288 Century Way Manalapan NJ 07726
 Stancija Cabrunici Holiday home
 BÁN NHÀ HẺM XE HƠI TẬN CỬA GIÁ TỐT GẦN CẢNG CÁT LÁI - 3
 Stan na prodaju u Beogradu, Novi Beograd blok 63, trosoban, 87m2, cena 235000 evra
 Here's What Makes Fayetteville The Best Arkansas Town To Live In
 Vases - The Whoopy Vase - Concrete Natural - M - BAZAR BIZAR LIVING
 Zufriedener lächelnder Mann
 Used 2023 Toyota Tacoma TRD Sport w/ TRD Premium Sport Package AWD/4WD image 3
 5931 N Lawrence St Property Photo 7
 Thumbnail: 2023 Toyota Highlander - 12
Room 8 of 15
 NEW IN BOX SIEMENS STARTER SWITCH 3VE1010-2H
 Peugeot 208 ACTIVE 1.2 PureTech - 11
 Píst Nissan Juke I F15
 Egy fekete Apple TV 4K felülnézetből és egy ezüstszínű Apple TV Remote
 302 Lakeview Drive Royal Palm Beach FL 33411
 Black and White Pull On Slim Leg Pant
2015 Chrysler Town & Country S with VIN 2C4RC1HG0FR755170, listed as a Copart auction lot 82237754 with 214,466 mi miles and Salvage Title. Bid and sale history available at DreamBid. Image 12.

※

Starting at the line above that holds "Here's What Makes" and ending at the line that holds "Black and White Pull On Slim Leg Pant", transcribe each line exactly and include no other lines.

Solution below
 Here's What Makes Fayetteville The Best Arkansas Town To Live In
 Vases - The Whoopy Vase - Concrete Natural - M - BAZAR BIZAR LIVING
 Zufriedener lächelnder Mann
 Used 2023 Toyota Tacoma TRD Sport w/ TRD Premium Sport Package AWD/4WD image 3
 5931 N Lawrence St Property Photo 7
 Thumbnail: 2023 Toyota Highlander - 12
Room 8 of 15
 NEW IN BOX SIEMENS STARTER SWITCH 3VE1010-2H
 Peugeot 208 ACTIVE 1.2 PureTech - 11
 Píst Nissan Juke I F15
 Egy fekete Apple TV 4K felülnézetből és egy ezüstszínű Apple TV Remote
 302 Lakeview Drive Royal Palm Beach FL 33411
 Black and White Pull On Slim Leg Pant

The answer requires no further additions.